You can now export Hammer slave volumes as NFS mounts – but since slave volumes are updated from master, you’re mounting a snapshot of that point in time. That may actually be an advantage.
DragonFly builds two compilers by default. If you weren’t interesting in building both, there were switches to build only the default, like NO_GCC47. This changed with every compiler update.
With the switch to GCC 5, the new switch is “NO_ALTCOMPILER”. That will last through compiler changes. I’m mentioning this now because sooner or later, you’ll want to gain back some time on a buildworld.
The most recent (well, this is the mostest recent) update of ACPICA for DragonFly, by Sascha Wildner, is different from the usual import: it happens to include actual upstream support for DragonFly
I haven’t been drawing enough attention to it, but there’s been a bunch of HAMMER filesystem activity lately: First, Tomohiro Kusumi has been working on HAMMER – these posts are a small subset of his commits. Second, Matthew Dillon has been working full steam ahead on HAMMER2. The HAMMER2 design document has been updated (read this!), and he’s already accomplished master->slave disk syncing.

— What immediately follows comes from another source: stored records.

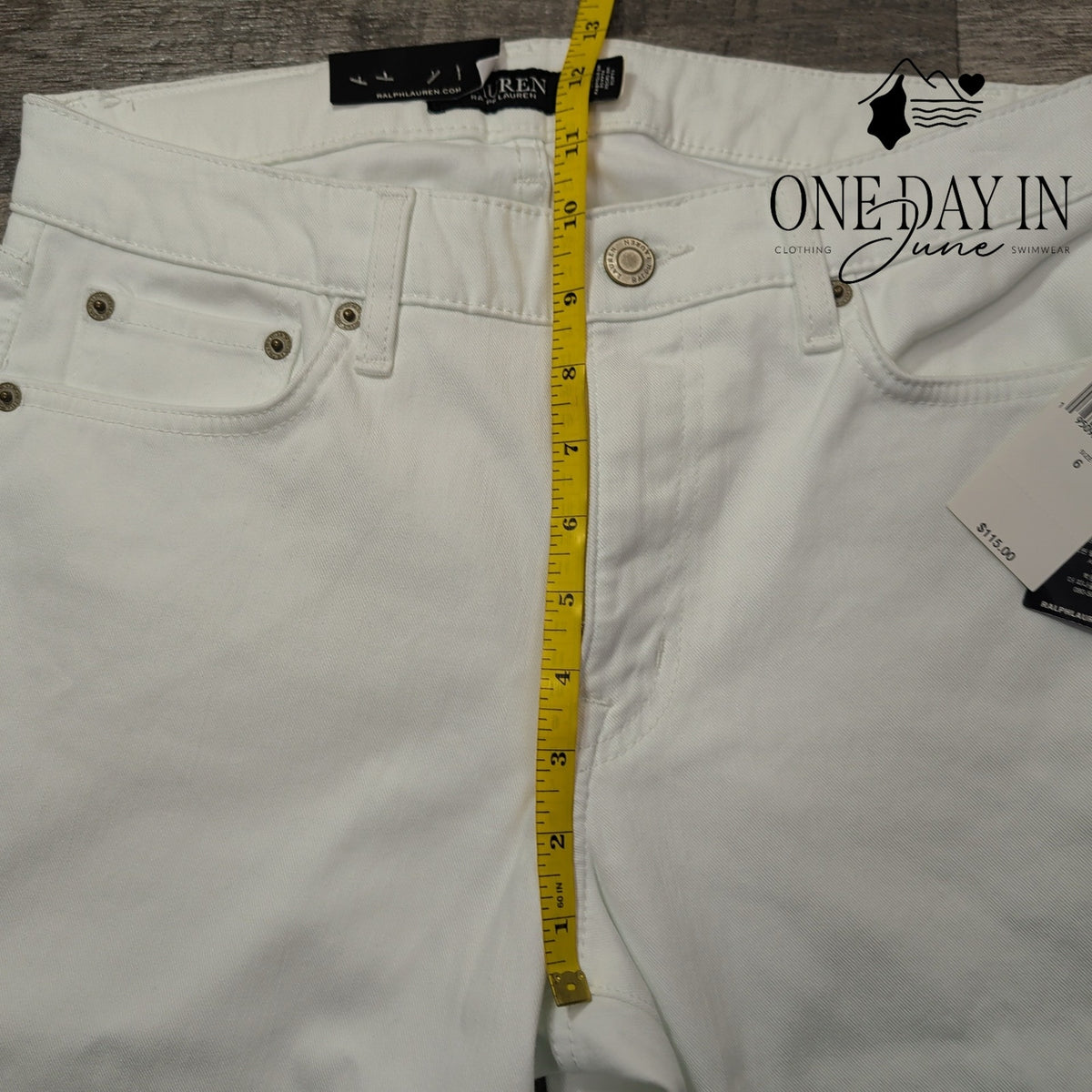 Ralph Lauren Curvy Mid Rise Skinny Jeans White NWT Size 6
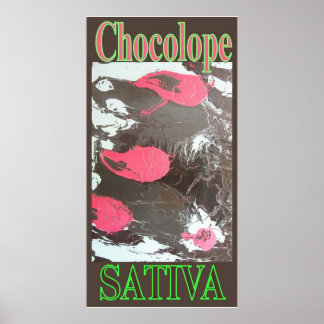 PÓSTER CHOCOLOPE SATIVA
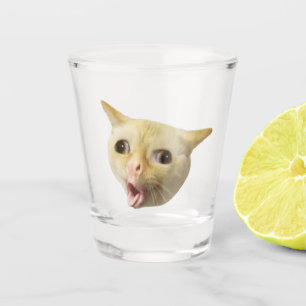 A Shot Tirer du verre toussant mème de chat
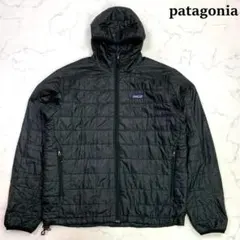 patagonia 中綿 ナノパフフーディー プリマロフト ブラック Sサイズ パタゴニア】patagonia【プリマロフト】黒【ナノパフジャケット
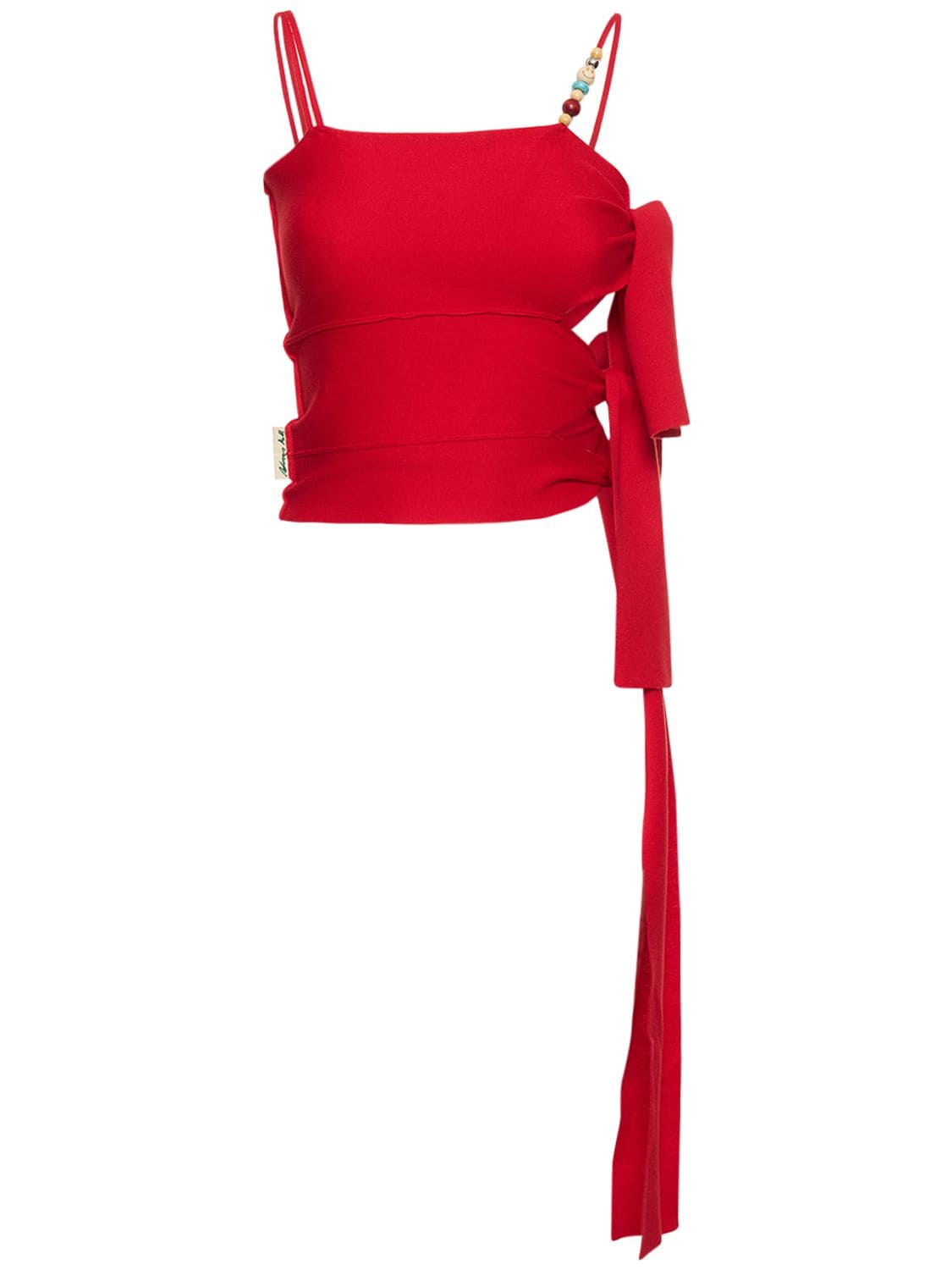 Tori Tying Cotton Knit Top – WOMEN > CLOTHING > TOPS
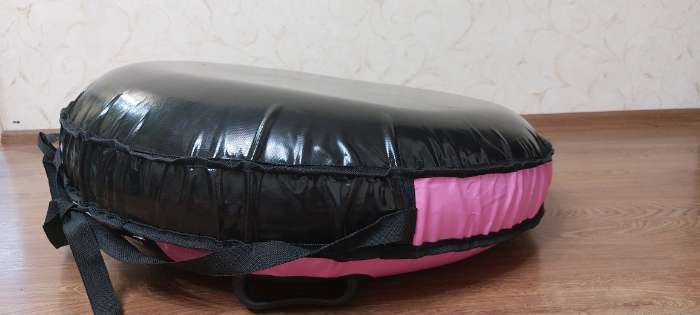 Фотография покупателя товара Тюбинг-ватрушка «Комфорт», диаметр чехла 90 см, цвета МИКС - Фото 15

It’s not ready for production, of course, which you may already realize, so don’t install it unless you want to work on the code.
Do you use info pages? Yeah, me neither. John Marino’s removed or converted the various info pages already in DragonFly, and removed texinfo since it’s no longer required. (I’ve linked to a few examples, but there were a number more commits than this.)
The default .cshrc in DragonFly has had some changes, which shouldn’t be anything but handy… assuming you are using tcsh. Also: the loader menu defaults to a blue Fred, now.
In the process of committing binutils 2.25 to DragonFly, John Marino also broke its build into parallel parts and removed the build of the gold linker. Buildworlds should be noticeably faster now, though I don’t have a before/after.
Bill Yuan’s work on a new ipfw has been committed, and for clarity, called “ipfw3“.
Matthew Dillon pulled in a new USB update from FreeBSD to DragonFly. What does it change? I’m not completely sure, but he did it to get apcupsd working, so that may be a hint.
DragonFly 4.0.3 has been tagged; you can look at the tagging message for details, but the major reason for doing so is to include OpenSSL-1.0.1l. I will have images up soon.
DragonFly no longer has SCTP. Nobody minds, I think – I had to look up what it is.
The CAM layer in DragonFly has had its big lock removed/been marked MPSAFE, so you will notice a performance increase when using multiple disks. (assuming you aren’t throughput-limited, of course.)
Sepherosa Ziehau has posted a note that V4-mapped addressing is no longer supported in DragonFly. You will need to do a full buildworld/buildkernel if you are running master. Also, TCP MTU path discovery is on by default. Also also, he’s added a SOL_SOCKET/SO_CPUINT socket option for use to reduce load in heavy network activity. As usual, I don’t quite comprehend.
It’s possible, if you are several releases (years) behind, to end up with a DragonFly system that can’t compile and install the current release, due to incremental changes over time. It’s rare, but it could happen now between, say, version 3.4 and 4.0. The usual solution would be to incrementally upgrade in order, which is a lot of building and updating. The alternative is the new installworld-force option from Matthew Dillon that forces a new set of binaries into place. Use as a last resort.
The DragonFly boot menu has been cleaned up a bit, and Fred, the dragonfly drawn on DragonFly, is now in better color. In fact, there’s even an option to turn him blue.
Update: I wanted to see what this looked like, and I realized screenshots might help everyone else.
In an effort to reduce my backlog of DragonFly things to post about, here’s quick notes:
- The path to xauth is now configurable, though correct by default. (that’s bit me in the past)
- There’s a new callout*() implementation.
- cpuctl(4) has been imported to allow CPU microcode updates.
- libm has been updated with math functions from FreeBSD and NetBSD, which because of library versioning support, won’t cause compatibility problems for older vs. newer DragonFly versions.
- C++11 support is also now available.
I’m running behind so this is a bit old, but: Matthew Dillon commited svc(8), a service manager program. Take a look at its man page to see the potential uses.
With a recent commit from Sascha Wildner, DragonFly now loads XHCI (meaning USB3) by default. If you had previously tried to install DragonFly via USB stick, and it inexplicably refused to mou t the installer drive… It may work much better now.
I’m working on the 4.0 release, but in the meantime, I wanted to point at a slew of updates from Sascha Wildner: ACPICA 20141107, pciconf(8), axge(4), and the kernel part of the netgraph7 Bluetooth stack.